The world of dollhouse miniatures is dominated by sweet structures with period-perfect furniture and impossibly tiny accessories. Leanne Eisen subverts all expectations with “Play” her photo series of 1/12th scale brothel, strip club and other sex trade sites. Eisen makes the pieces of these meticulously detailed scenes herself, having found difficulty in sourcing ready-made miniature condoms, porn magazines and sex toys. The spaces have a seedy, disreputable air enhanced by the details—a used washcloth hangs haphazardly over the sink, sequined shoes are abandoned on the strip club stage, and a forest of egg timers sits under posted house rules. Although Eisen had not been in an actual brothel, she researched films, documentaries, books, and photographs to create her voyeuristic spaces.
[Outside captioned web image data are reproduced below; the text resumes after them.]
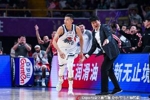 齐鲁晚报：山东男篮若想避免再次倒在附加赛 提升进攻是当务之急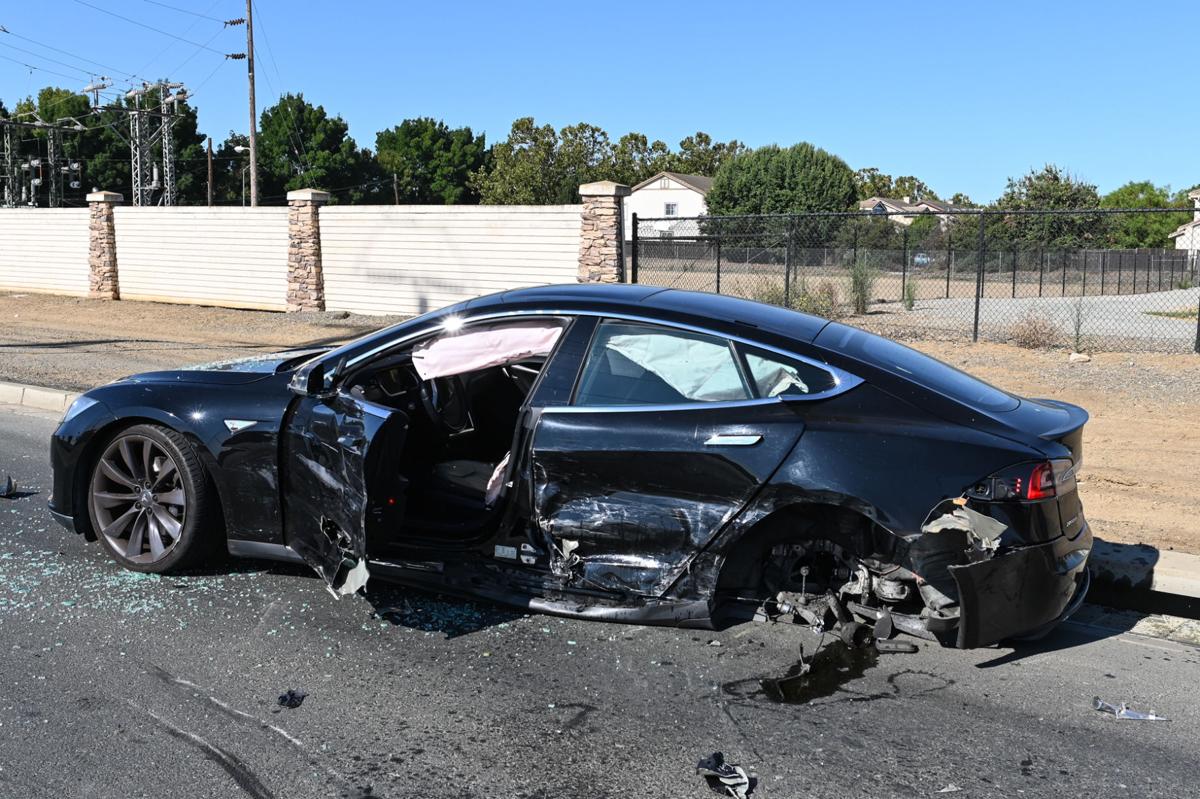 Sellers Ave head-on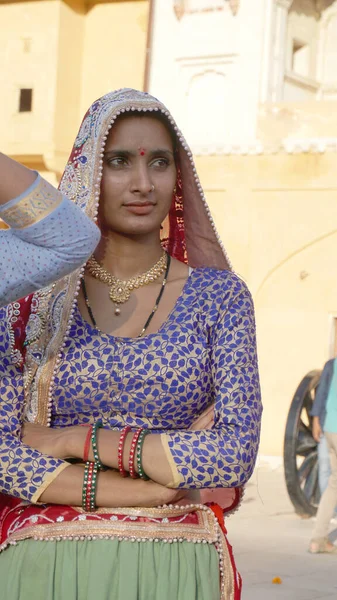 Jaipur India Ağustos 2019 Geleneksel Elbiseli Amber Fort Eğlenen Kadın — Stok fotoğraf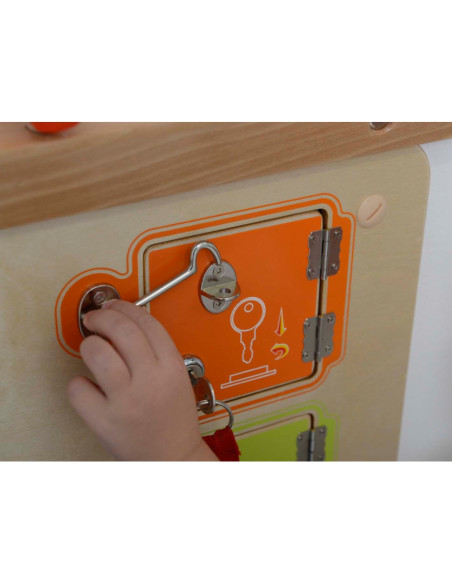 MASTERKIDZ Учимся открывать и закрывать замки. Настенная манипуляционная доска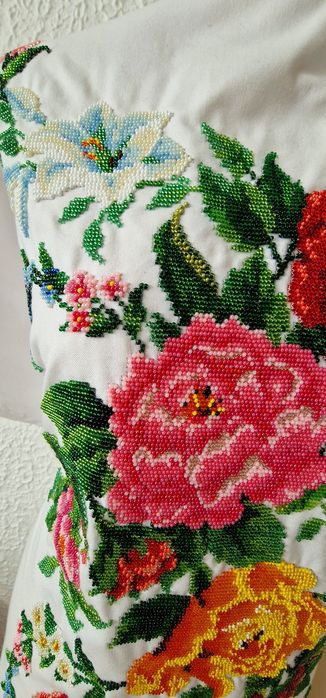 Rochie cusută cu mărgele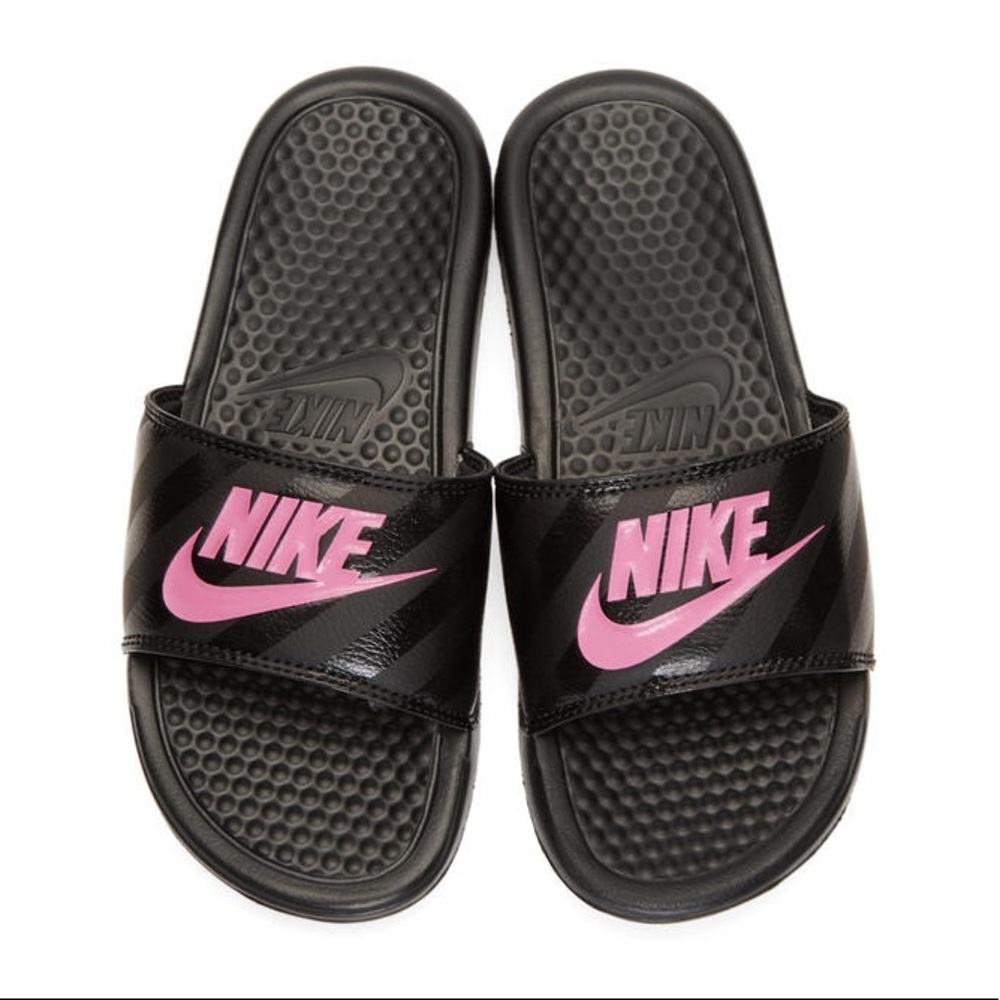 Women’s Nike Slides Size 9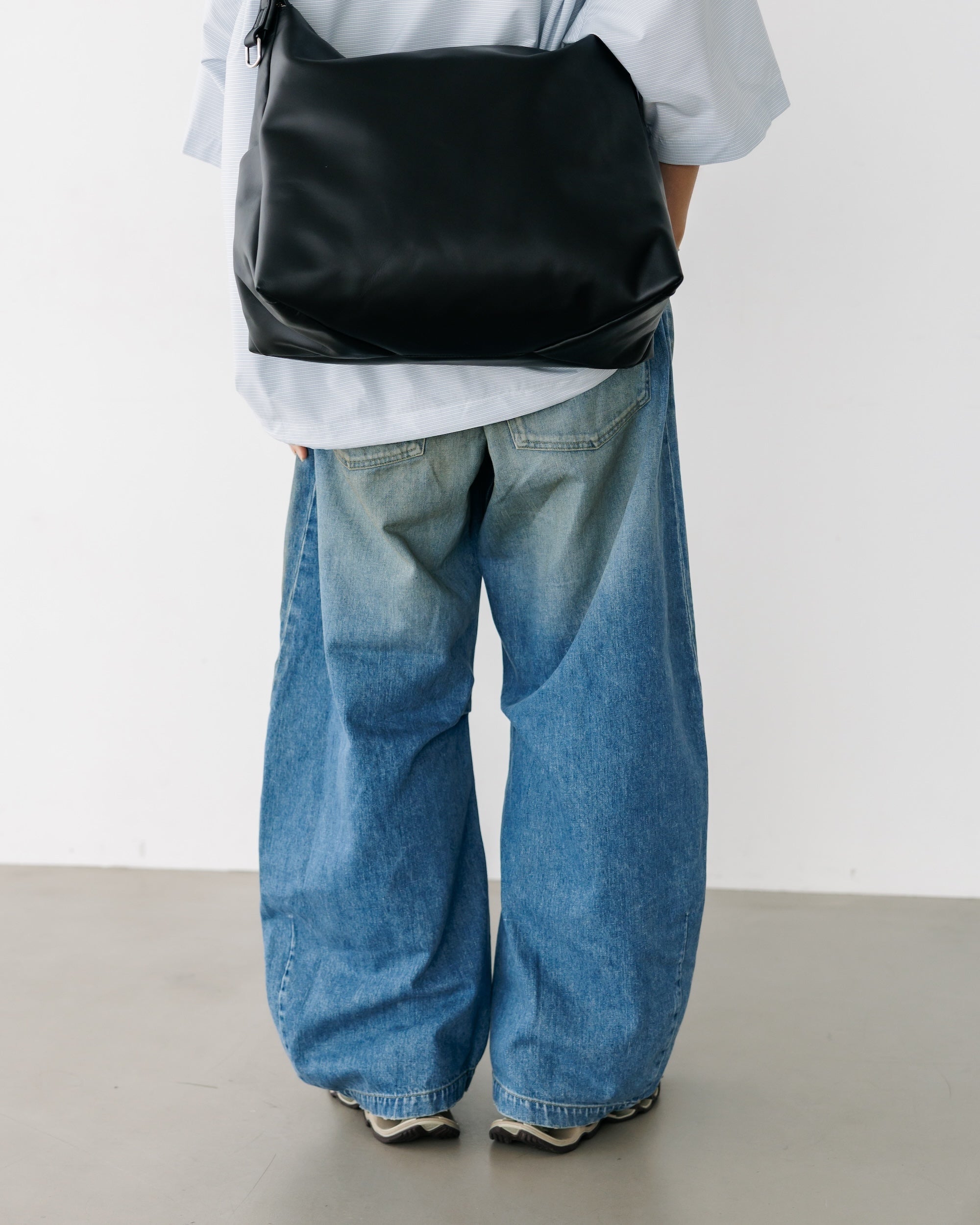 【10.1 WED 20:00- IN STOCK】VINTAGE DYED SELVEDGE DENIM BARREL LEG PANTS (VINTAGE LIGHT INDIGO)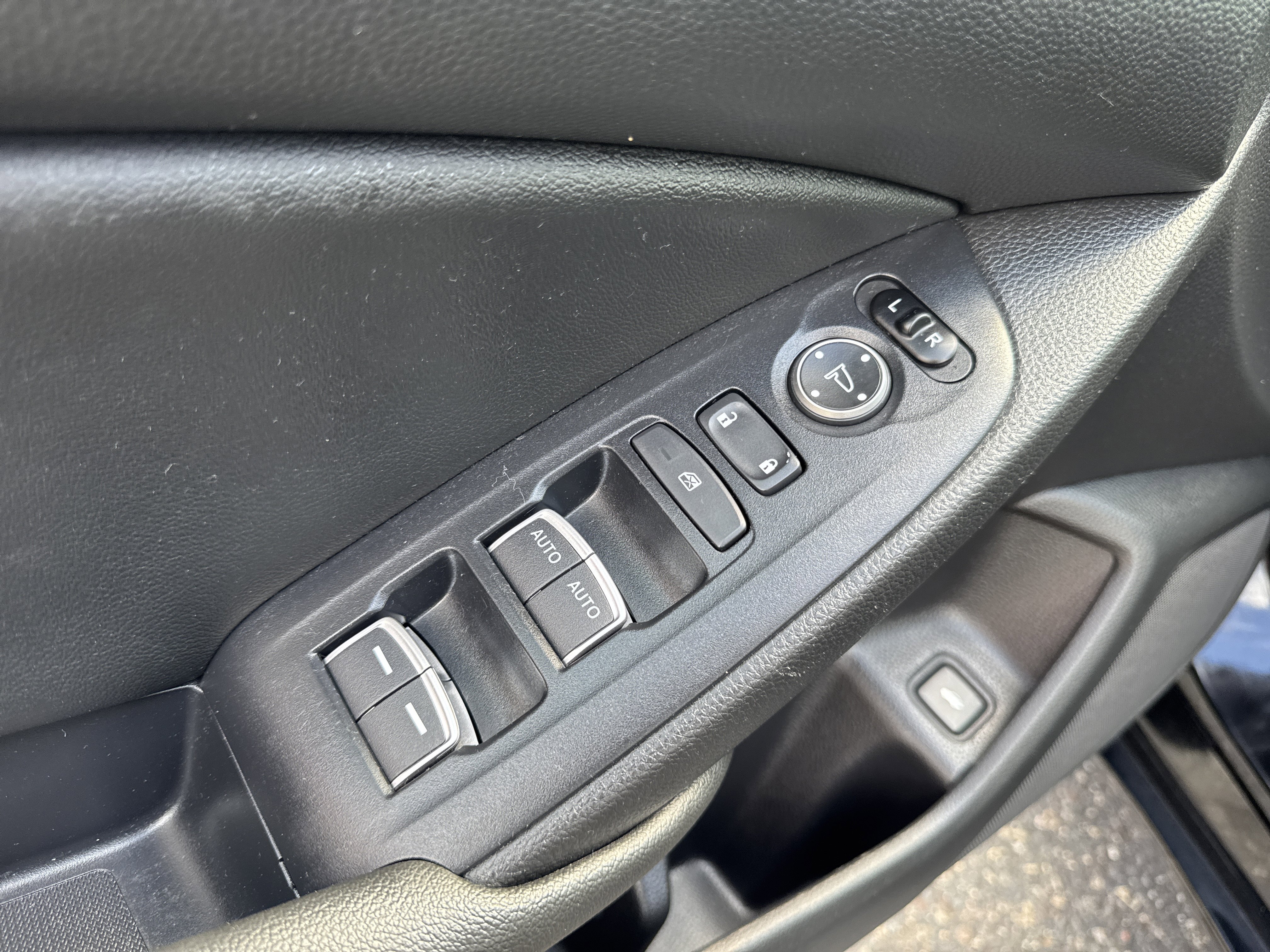 Used 2019 Honda Accord Sport image 14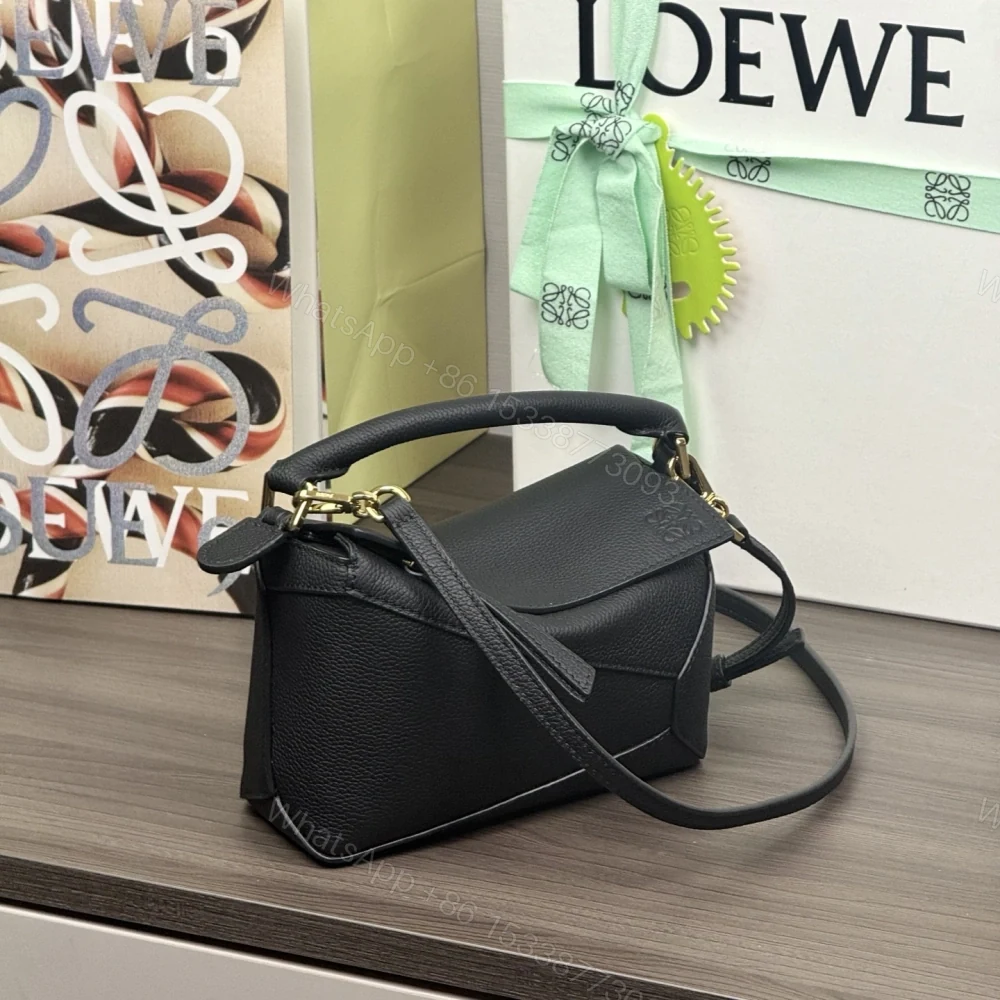 View 2 of 高仿Loewe*Puzzle系列1100單肩包小牛皮黑色Mini免檢版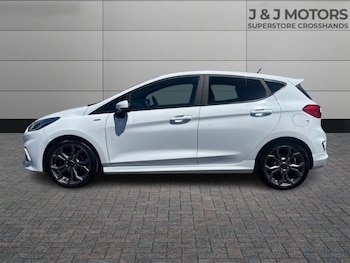 Used Ford Fiesta 2018 for sale - 79220789: Photo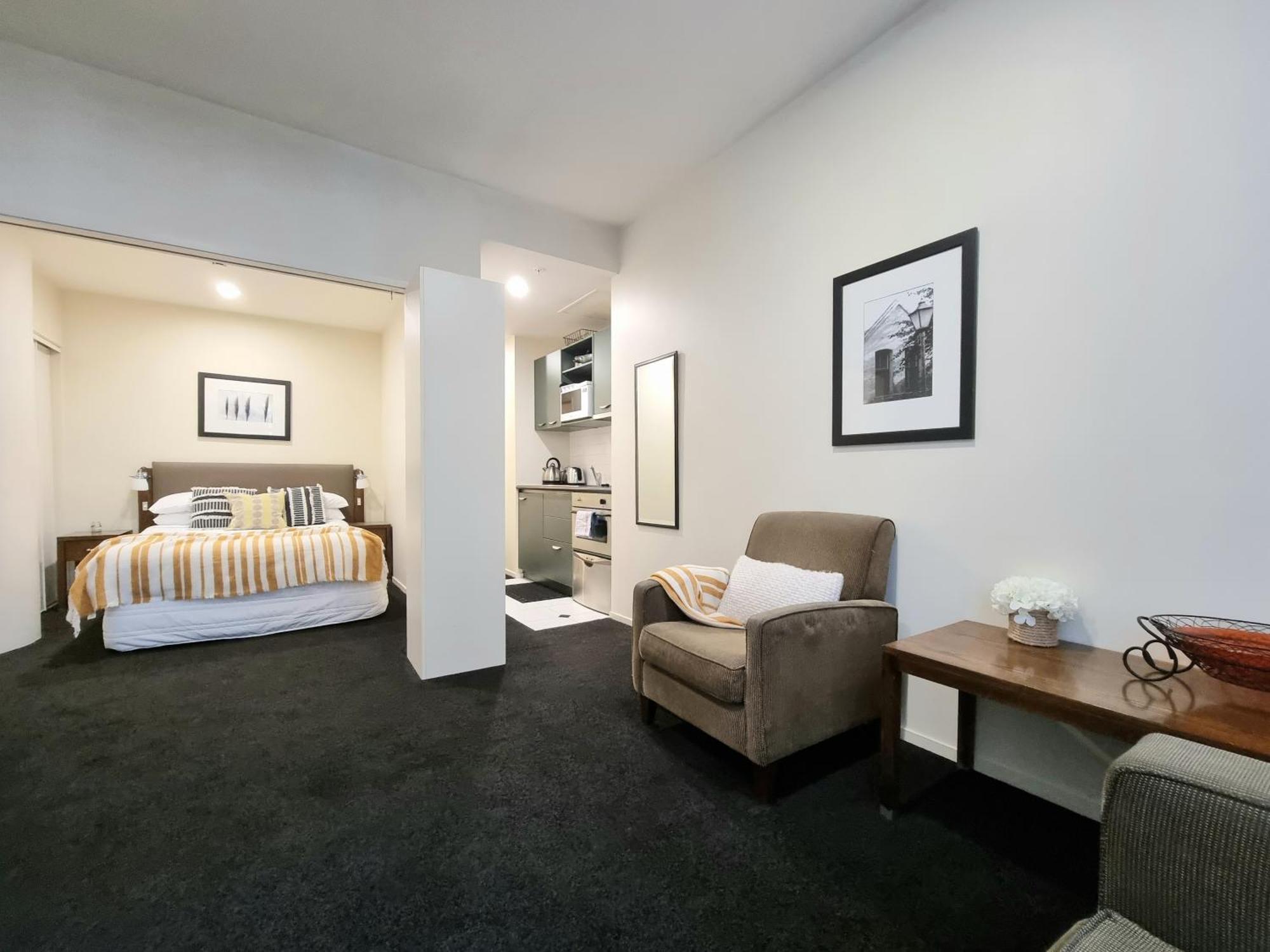Urban Deco Apartment On Queen Street Auckland Zimmer foto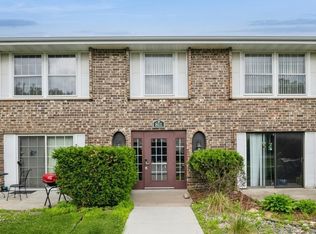 811 Smetana Rd APT 8, Hopkins, MN 55343
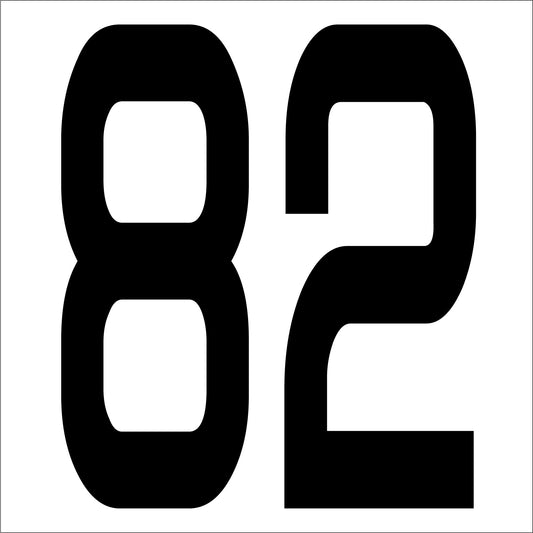 カッティングステッカー　数字８２　文字高１００ｍｍ　黒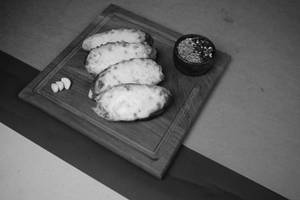 Classic Cheese Garlic Bread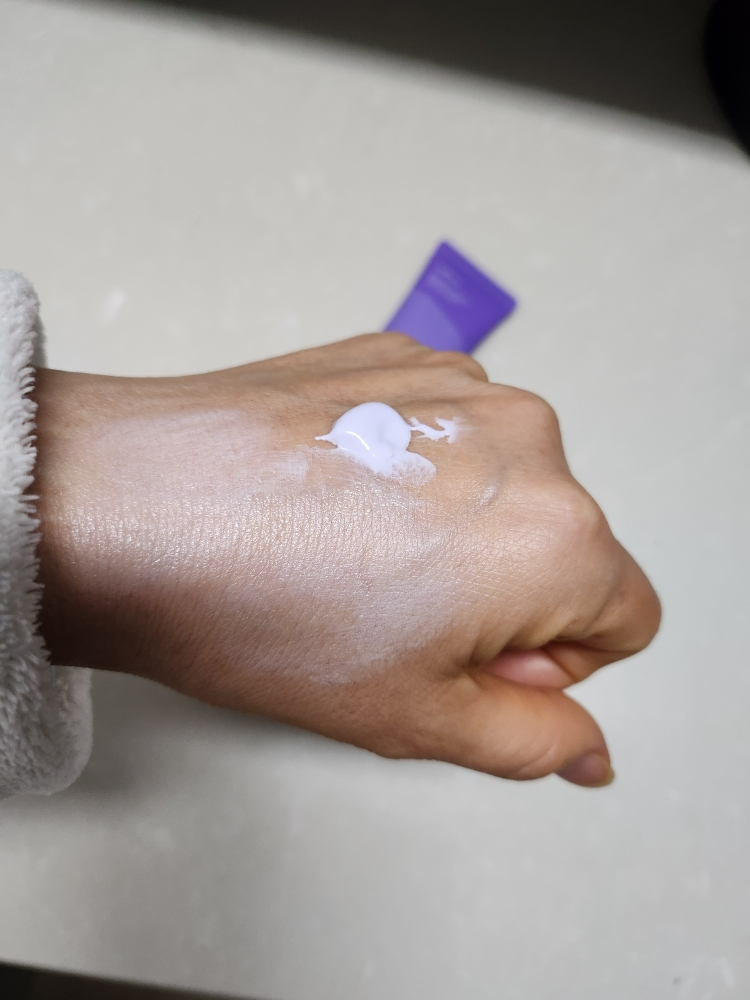 IsNtree Onion New Fair Purple Tone-Up Sunscreen [SPF50+/PA++++] review image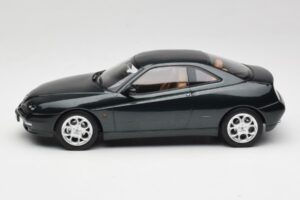 Alfa Romeo GTV 916 Coventry Green Metallic Norev 1:18 187842 Diecast - image 3 of 6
The photographs in “Play” are enlarged, playing with scale to disorienting effect. Scenes that are rendered in miniature are suddenly life-size again, with no referent of scale in the images. These are realistic spaces but they are also fantastical. No woman will ever spin on the golden pole. The cow clock in the kitchen will always read 10:10. These abandoned rooms tell their stories through their contents. She says:
I am very interested in residential spaces; the artifacts that we accumulate and leave behind, and how they tell our stories in our absence. I also find the idea of a space that is seemingly a workplace as well as a residence intriguing. In these photos, the viewer takes the role of voyeur, and can take the time to analyze the setting at a perhaps more manageable, less intimidating scale.
The series also serves as a commentary of the accepted social roles for women in a residential space. Where a traditional dollhouse might have a domestic mother figure keeping house, these spaces are intended for women as sexual objects. Whether in the sad paneled room with the pink-clad single bed or in the black walled sex chamber with its red X and metal cage, these are spaces intended to commercialize women.
Through detailed conceptualization, deliberate craft and artful photography, “Play” blurs the lines between whimsy and menace, making pointed observations about the place of women in this world.